# [WHAT THIS TASK INVOLVES]
Give back the exact lines of the material below from the one containing "3916 S 150 Plaza #74, Omaha, NE 68144" through the one containing "Lobhill Farmhouse Bed", and no pictures.

# [DATA IN THIS EXERCISE]
Content starts
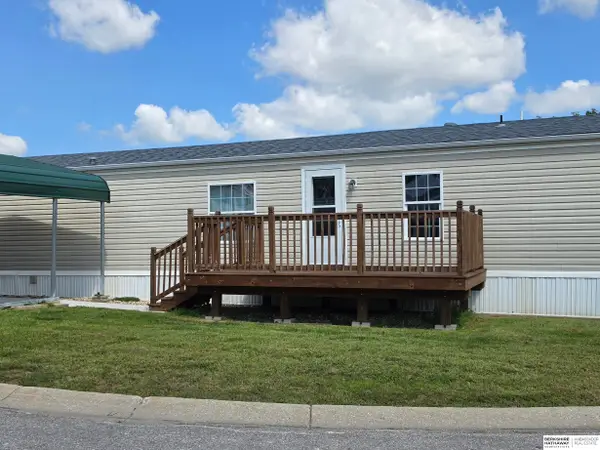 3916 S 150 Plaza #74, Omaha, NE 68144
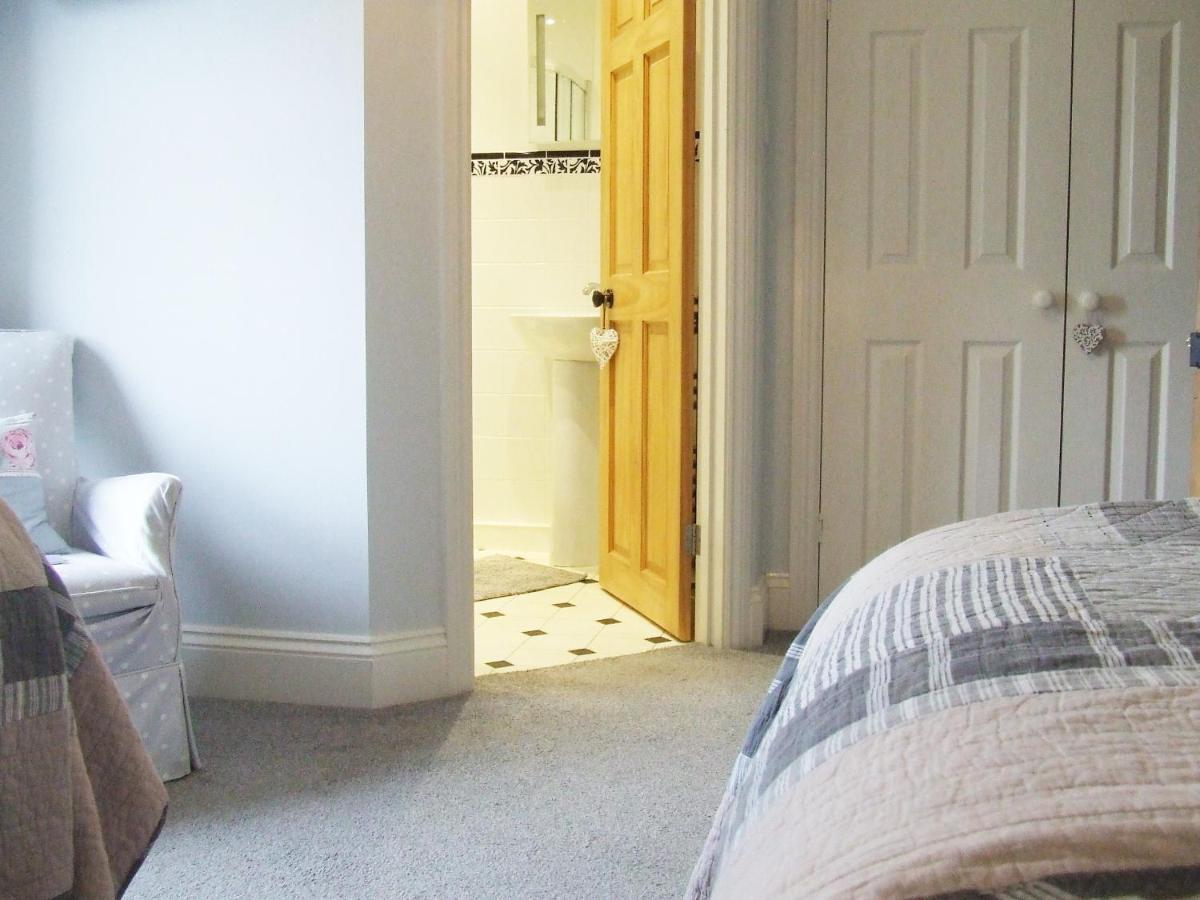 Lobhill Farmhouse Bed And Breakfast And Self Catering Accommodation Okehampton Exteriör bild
Content ends
Content starts
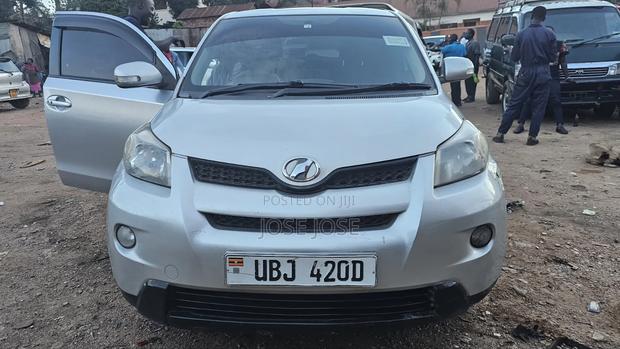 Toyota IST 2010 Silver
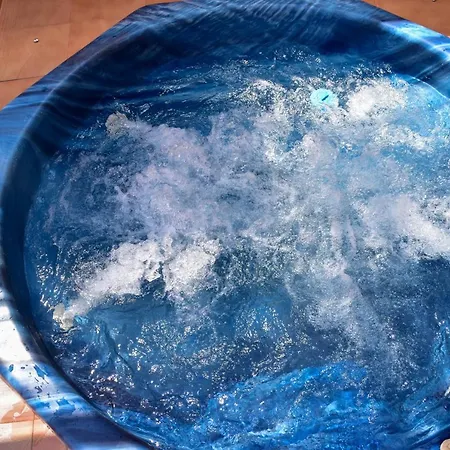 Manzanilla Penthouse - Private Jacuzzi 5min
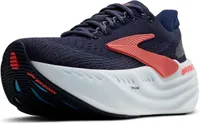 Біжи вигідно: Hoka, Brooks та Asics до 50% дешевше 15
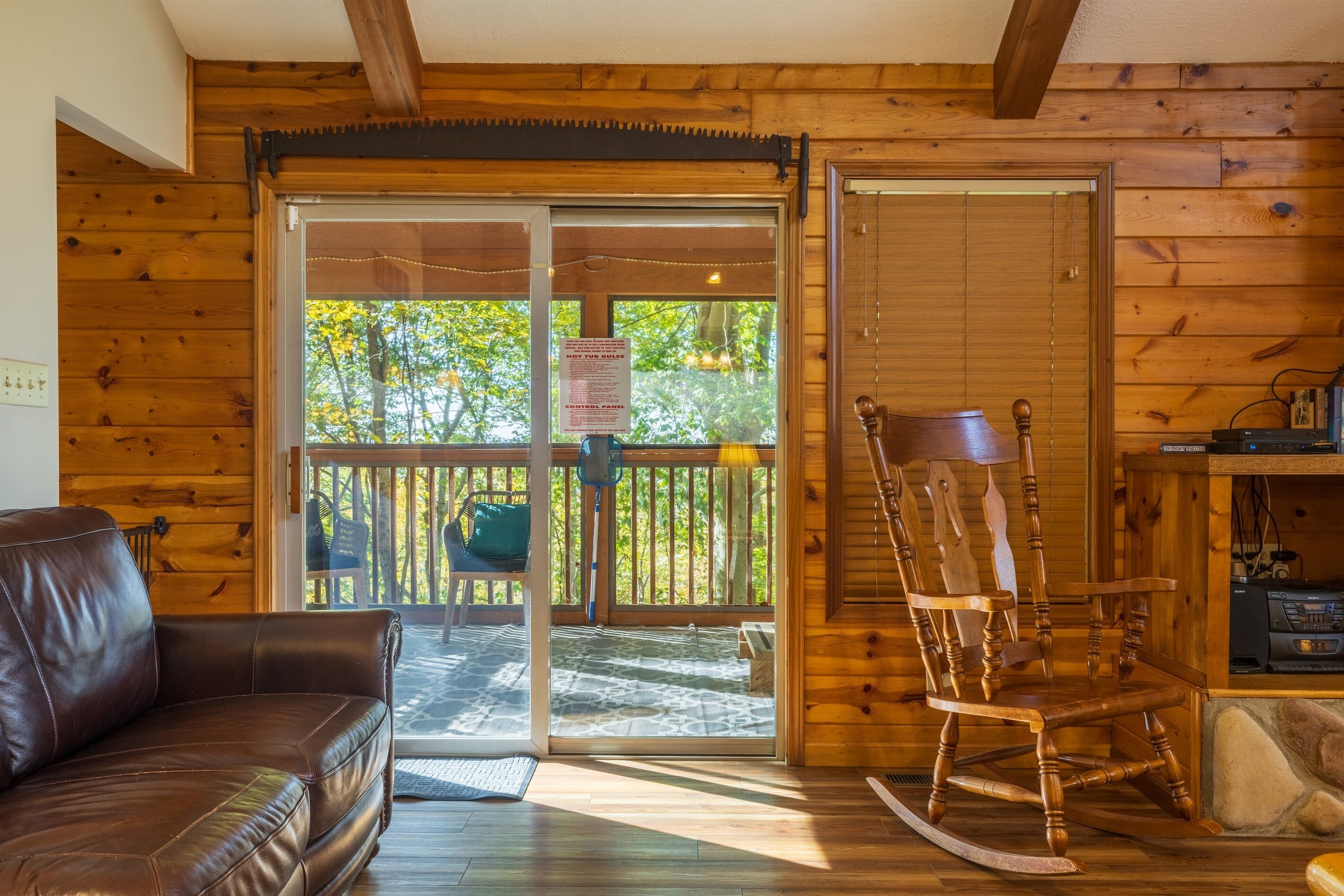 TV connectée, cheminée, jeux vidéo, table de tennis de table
Content ends
Content starts
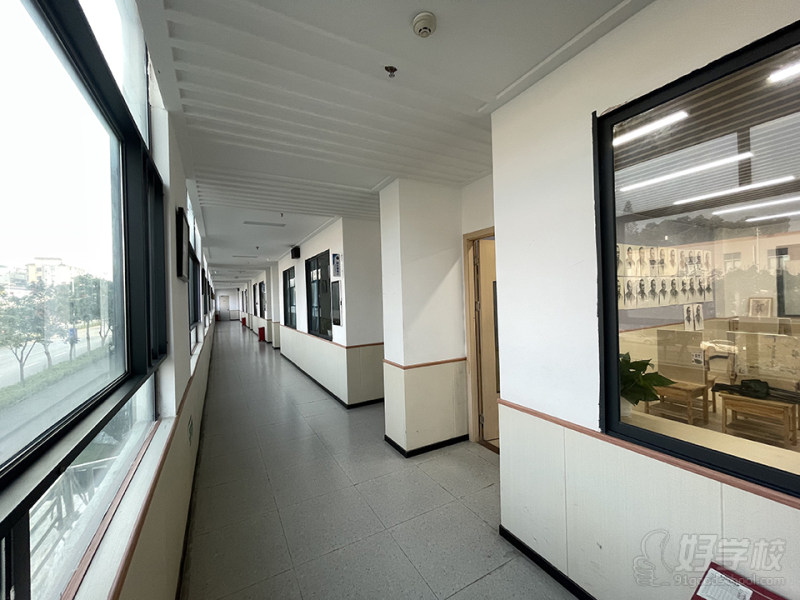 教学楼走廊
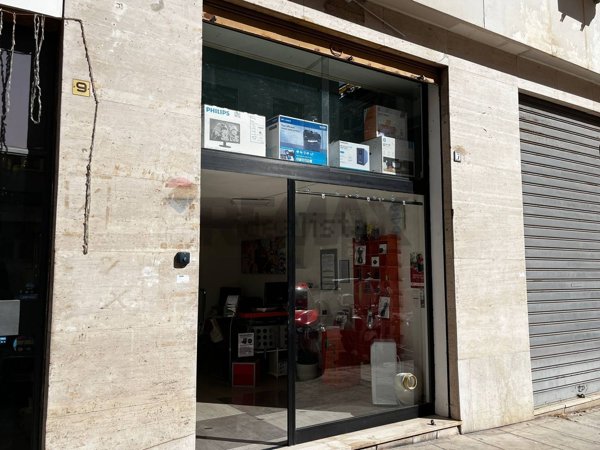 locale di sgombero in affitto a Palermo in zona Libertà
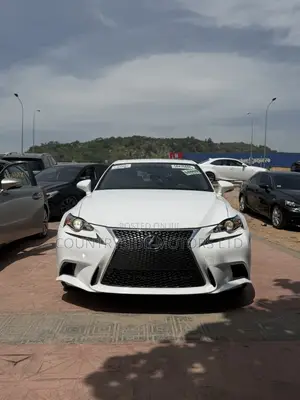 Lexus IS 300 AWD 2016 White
Content ends
# [OUTPUT FOR THIS EXERCISE]
 3916 S 150 Plaza #74, Omaha, NE 68144
 Lobhill Farmhouse Bed And Breakfast And Self Catering Accommodation Okehampton Exteriör bild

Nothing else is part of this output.